[Data in this exercise Boundary: Start]

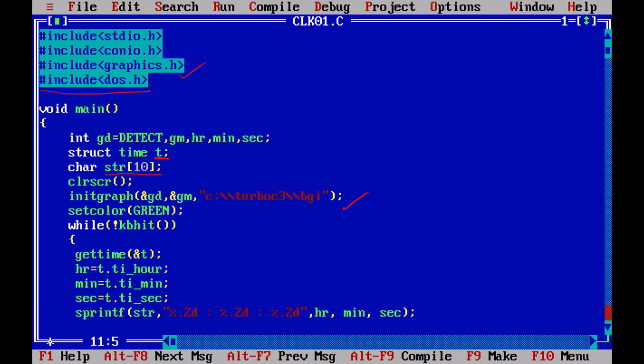Then we will just set the color to green to get the output displayed in green color. And as I explained already, not equal to kbhit will be an infinite loop, and it will be executed till you press your keyboard. Any key is pressed, then it will stop.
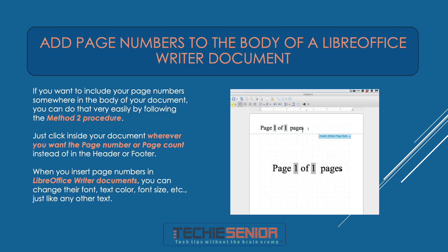Add page numbers to the body of a LibreOffice Writer document. If you want to include your page numbers somewhere in the body of your document, you can do that very easily by following the Method 2 procedure. Just click inside your document wherever you want the page number or page count, instead of in the header or footer. When you insert page numbers in LibreOffice Writer documents, you can change their font, text color, font size, etc., just like any other text.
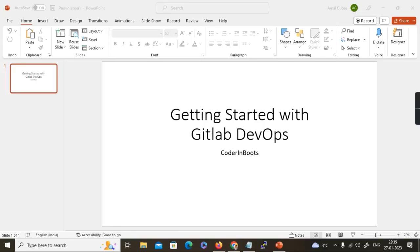Hello everyone. Welcome back to Coded Moots. In this video today we are going to discuss the DevOps capability in GitLab. GitLab is a very popular version control and DevOps system used in the industry over several years. I've been using GitLab for almost 10 years and this is one of my favorite version control systems, and we use it for DevOps as well.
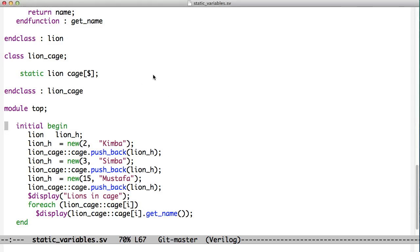In this example, we're looking at this class here called Lion Cage. A Lion Cage is a SystemVerilog queue that can hold lion objects, so we put the lions in the cage.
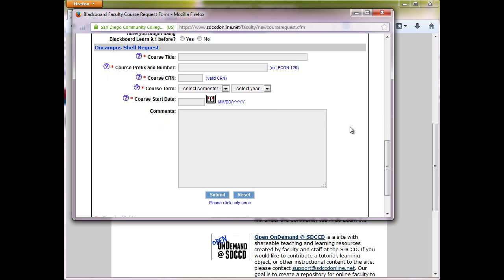Finally, there's a field here for any comments or requests you'd like to add. After you submit the form, we'll send you an email within a couple days, letting you know the shell has been created and live on the system.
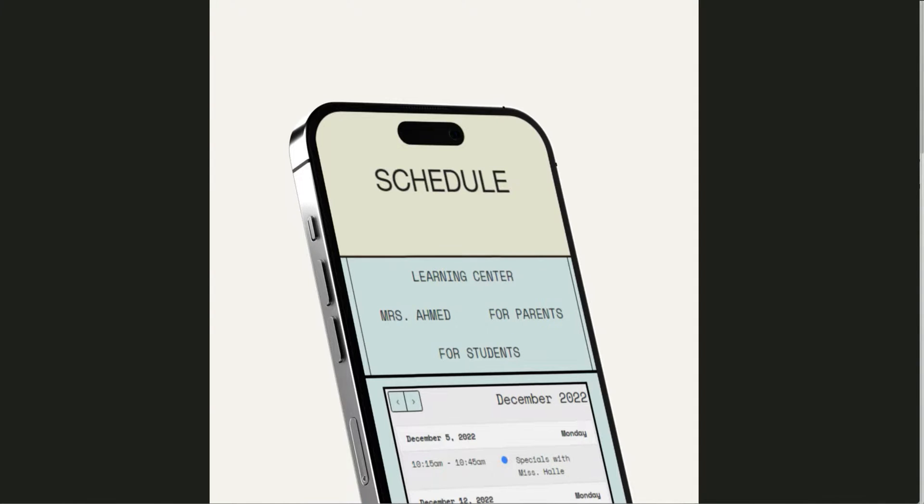Well hello there, welcome back to my channel. It is of course Chelsea of She Designs Things, and in today's video I'm going to be sharing with you something super cool and amazing that I just came across to stylize your Google calendars.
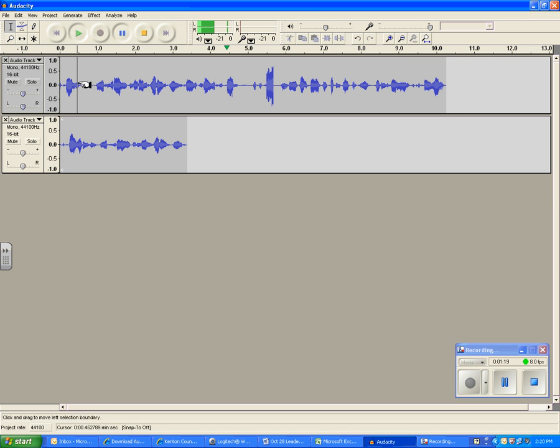Now at this point I've got two tracks up, so when I hit play it actually plays both at the same time. So what I want to do is get rid of this bottom one just by x-ing it out.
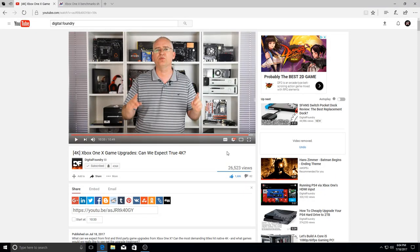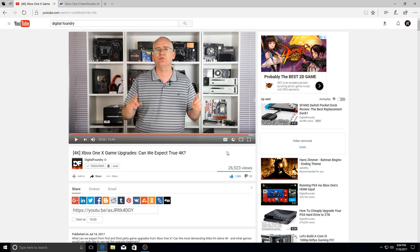You gotta love Digital Foundry. They're not driven by fanboyism, they're not driven by money, they're not driven by fanboy propaganda. They simply observe the hardware and review the hardware based on what they've got.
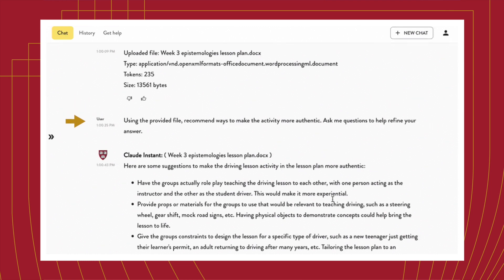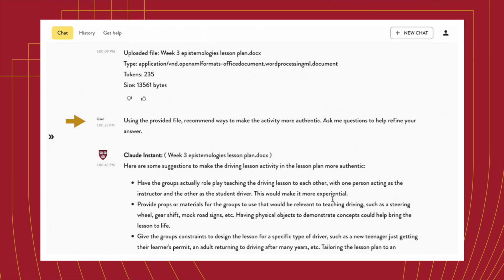For example, here I asked Claude to make the activity more authentic. Students went on to apply additional course concepts to modify the lesson plan for different contexts and goals. It was important that they worked with a subject area they knew well to help them investigate the accuracy of the model's responses.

[Data in this exercise Boundary: End]

> [What you are asked to do]:
Please set down only the lines from the one containing "Finally, there's a" through the end of the entries, exactly as they stand, both ends included and with no pictures.

> [Expected answer]:
Finally, there's a field here for any comments or requests you'd like to add. After you submit the form, we'll send you an email within a couple days, letting you know the shell has been created and live on the system.
Well hello there, welcome back to my channel. It is of course Chelsea of She Designs Things, and in today's video I'm going to be sharing with you something super cool and amazing that I just came across to stylize your Google calendars.
Now at this point I've got two tracks up, so when I hit play it actually plays both at the same time. So what I want to do is get rid of this bottom one just by x-ing it out.
You gotta love Digital Foundry. They're not driven by fanboyism, they're not driven by money, they're not driven by fanboy propaganda. They simply observe the hardware and review the hardware based on what they've got.
For example, here I asked Claude to make the activity more authentic. Students went on to apply additional course concepts to modify the lesson plan for different contexts and goals. It was important that they worked with a subject area they knew well to help them investigate the accuracy of the model's responses.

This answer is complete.